Scream 2 was that rare thing: a horror sequel that many people thought was just as good as the original—and that the Tomatometer would tell you is actually slightly better. Scream 3 was that much less rare thing: a horror sequel many fans felt was a cash-grabbing betrayal of the original and that the Tomatometer deemed a dirty, Rotten stinker. And given what was going on behind the scenes, it’s no wonder this third outing for Ghostface, Sidney, Dewey, Gale, and Co. got splatted.
Late-nineties horror wunderkind Kevin Williamson didn’t have time to write the full script for Scream 3, instead turning in a treatment that Arlington Road scribe Ehren Kruger would be tasked with adapting. What ended up on screen was very different from what Williamson had envisioned. Late 1999 was not a great time to make scary movies, especially ones set near high schools, given what had recently occurred at Columbine; the studio pushed for the action to move to L.A., away from Woodsboro High, and for the filmmakers to lean heavily into comedy over gore. (Director Wes Craven apparently put his foot down when it was suggested the film feature no violence whatsoever.)
Adding to the drama: there were scheduling difficulties with the cast and script changes that would sometimes come in on the day of shooting. (The already meta horror series reaches Peak Meta when the actors in Stab 3 complain about day-of rewrites.)
And yet if you know what you’re getting into, the comedy actually works, particularly in the character of Jennifer Jolie, played by Parker Posey, making her first big indie-to-mainstream move. Posey is a twitchy delight as the actress cast as Courteney Cox’s Gale Weathers in Stab 3, stalking Cox around the backlots and frantically unraveling when her costars’ bodies start piling up.

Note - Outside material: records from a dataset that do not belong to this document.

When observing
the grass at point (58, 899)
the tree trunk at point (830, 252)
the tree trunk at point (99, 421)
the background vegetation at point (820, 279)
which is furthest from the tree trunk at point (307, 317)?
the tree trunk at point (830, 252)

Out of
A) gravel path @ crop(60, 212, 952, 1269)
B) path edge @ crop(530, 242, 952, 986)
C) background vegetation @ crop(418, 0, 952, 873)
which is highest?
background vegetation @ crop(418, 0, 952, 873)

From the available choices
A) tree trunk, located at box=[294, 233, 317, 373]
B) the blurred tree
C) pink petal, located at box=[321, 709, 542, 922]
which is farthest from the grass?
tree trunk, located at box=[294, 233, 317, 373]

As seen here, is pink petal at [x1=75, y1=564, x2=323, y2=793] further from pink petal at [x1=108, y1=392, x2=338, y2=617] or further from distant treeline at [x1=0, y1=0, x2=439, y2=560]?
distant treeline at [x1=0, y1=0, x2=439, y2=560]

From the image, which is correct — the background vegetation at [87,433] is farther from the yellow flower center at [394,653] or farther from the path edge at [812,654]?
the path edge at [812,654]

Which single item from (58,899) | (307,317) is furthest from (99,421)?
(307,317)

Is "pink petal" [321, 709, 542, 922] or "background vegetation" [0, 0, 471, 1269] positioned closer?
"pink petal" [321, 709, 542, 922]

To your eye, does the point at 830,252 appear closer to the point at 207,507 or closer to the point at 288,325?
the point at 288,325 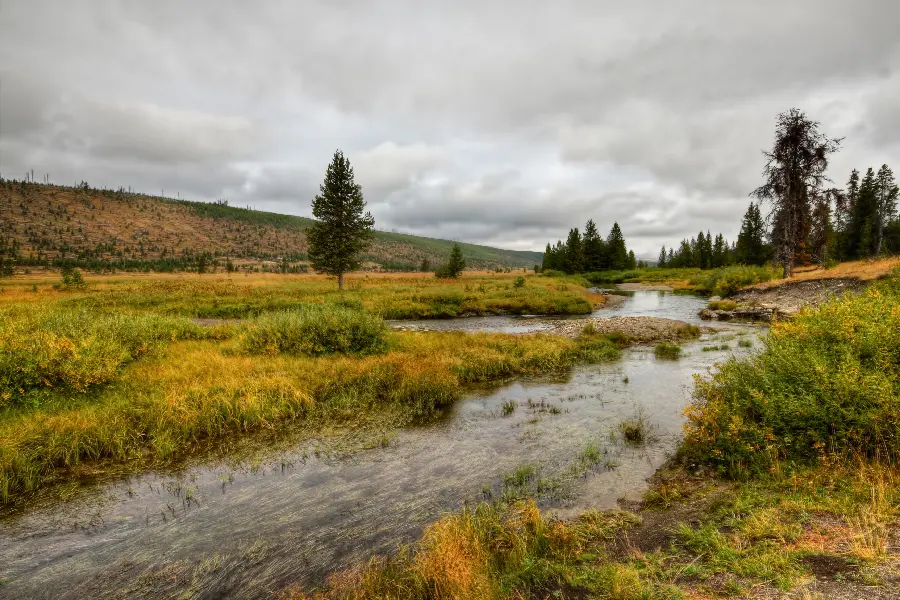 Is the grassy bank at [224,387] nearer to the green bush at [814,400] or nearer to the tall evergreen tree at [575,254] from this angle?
the green bush at [814,400]

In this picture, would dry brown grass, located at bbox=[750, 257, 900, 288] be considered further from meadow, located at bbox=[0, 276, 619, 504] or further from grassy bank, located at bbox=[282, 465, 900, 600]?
grassy bank, located at bbox=[282, 465, 900, 600]

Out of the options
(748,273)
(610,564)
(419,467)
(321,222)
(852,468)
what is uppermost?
(321,222)

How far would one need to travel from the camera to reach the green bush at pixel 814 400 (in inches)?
277

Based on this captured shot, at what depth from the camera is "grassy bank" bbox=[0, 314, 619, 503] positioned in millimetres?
9273

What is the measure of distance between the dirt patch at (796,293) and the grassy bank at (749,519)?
2170 centimetres

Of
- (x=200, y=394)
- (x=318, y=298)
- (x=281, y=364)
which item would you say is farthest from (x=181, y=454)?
(x=318, y=298)

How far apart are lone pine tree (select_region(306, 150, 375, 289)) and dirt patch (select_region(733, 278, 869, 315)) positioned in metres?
41.6

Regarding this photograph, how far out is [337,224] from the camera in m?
49.7

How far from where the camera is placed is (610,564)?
16.6 ft

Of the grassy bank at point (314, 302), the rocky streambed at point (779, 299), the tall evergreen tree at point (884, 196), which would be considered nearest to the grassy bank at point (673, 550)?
the rocky streambed at point (779, 299)

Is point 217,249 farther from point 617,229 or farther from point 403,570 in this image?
point 403,570

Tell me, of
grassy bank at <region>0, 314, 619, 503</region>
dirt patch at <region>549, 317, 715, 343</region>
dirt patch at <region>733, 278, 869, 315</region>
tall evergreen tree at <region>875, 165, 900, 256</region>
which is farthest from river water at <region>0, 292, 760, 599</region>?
tall evergreen tree at <region>875, 165, 900, 256</region>

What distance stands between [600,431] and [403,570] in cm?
762

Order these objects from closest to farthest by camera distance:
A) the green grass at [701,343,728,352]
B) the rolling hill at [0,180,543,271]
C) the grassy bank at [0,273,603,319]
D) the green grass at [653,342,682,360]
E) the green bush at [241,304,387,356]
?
the green bush at [241,304,387,356]
the green grass at [653,342,682,360]
the green grass at [701,343,728,352]
the grassy bank at [0,273,603,319]
the rolling hill at [0,180,543,271]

She also gets to take part in the movie’s best moment, when Jolie and Weathers encounter cynical studio archivist, Bianca (Carrie Fisher in a fabulous little cameo that has interesting new shades in the post-#MeToo era).
There are solid scares here, too, and how could there not be, with Craven behind the camera? Particularly effective is the sequence in which Campbell’s Prescott finds herself alone on the Stab 3 set, exploring a recreation of the Woodsboro home she grew up in. When Ghostface inevitably shows up, it’s a terrifying echo of the superior first film and a hint of what this trilogy closer might have been had Craven and Williamson been given the time and space to do their thing.